Supplied information:
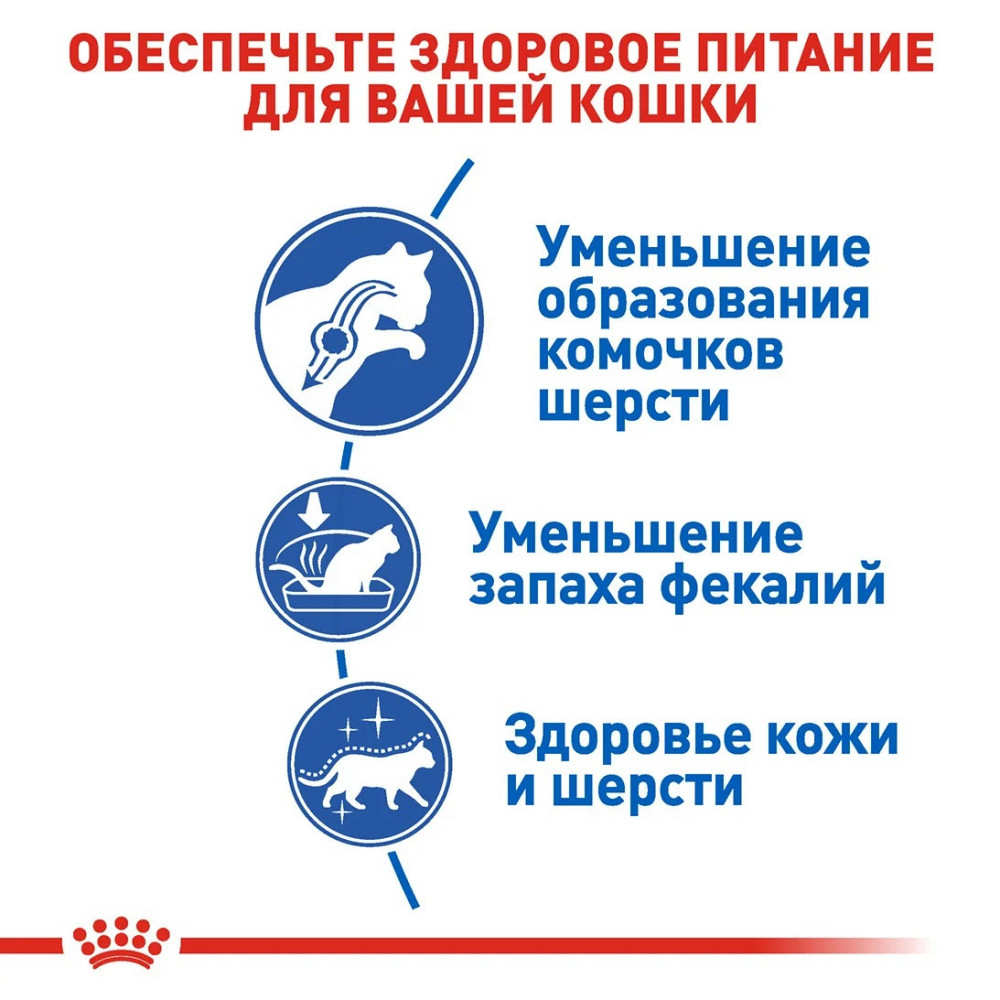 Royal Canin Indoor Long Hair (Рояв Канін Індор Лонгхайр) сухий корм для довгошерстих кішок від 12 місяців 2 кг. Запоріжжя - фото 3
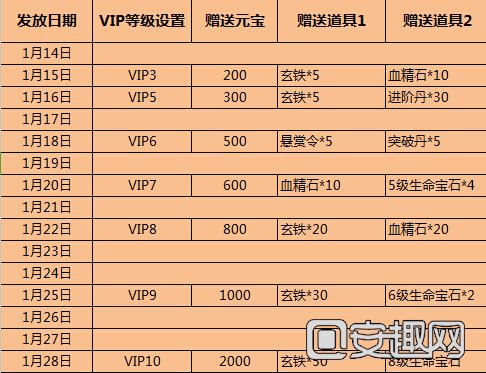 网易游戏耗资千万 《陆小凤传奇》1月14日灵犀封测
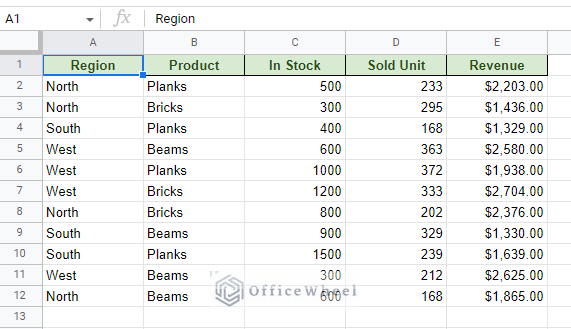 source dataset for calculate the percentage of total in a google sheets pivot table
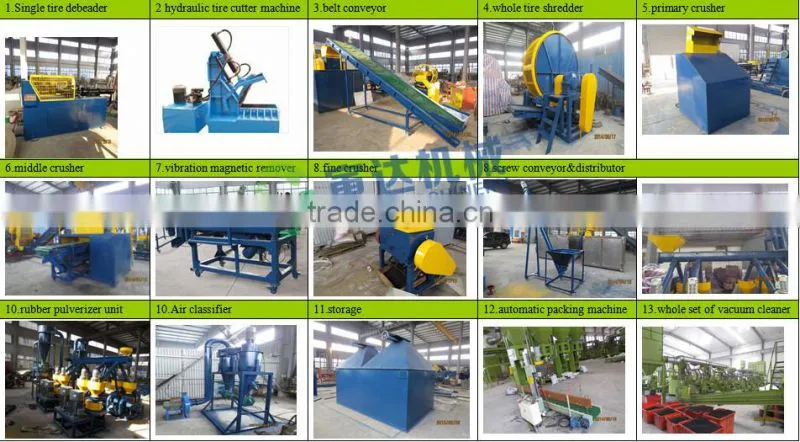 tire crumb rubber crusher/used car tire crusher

Exercise requirements: The whole listing above is to be printed again exactly; pictures stay out of it.

Solution below:
 Royal Canin Indoor Long Hair (Рояв Канін Індор Лонгхайр) сухий корм для довгошерстих кішок від 12 місяців 2 кг. Запоріжжя - фото 3
 网易游戏耗资千万 《陆小凤传奇》1月14日灵犀封测
 source dataset for calculate the percentage of total in a google sheets pivot table
 tire crumb rubber crusher/used car tire crusher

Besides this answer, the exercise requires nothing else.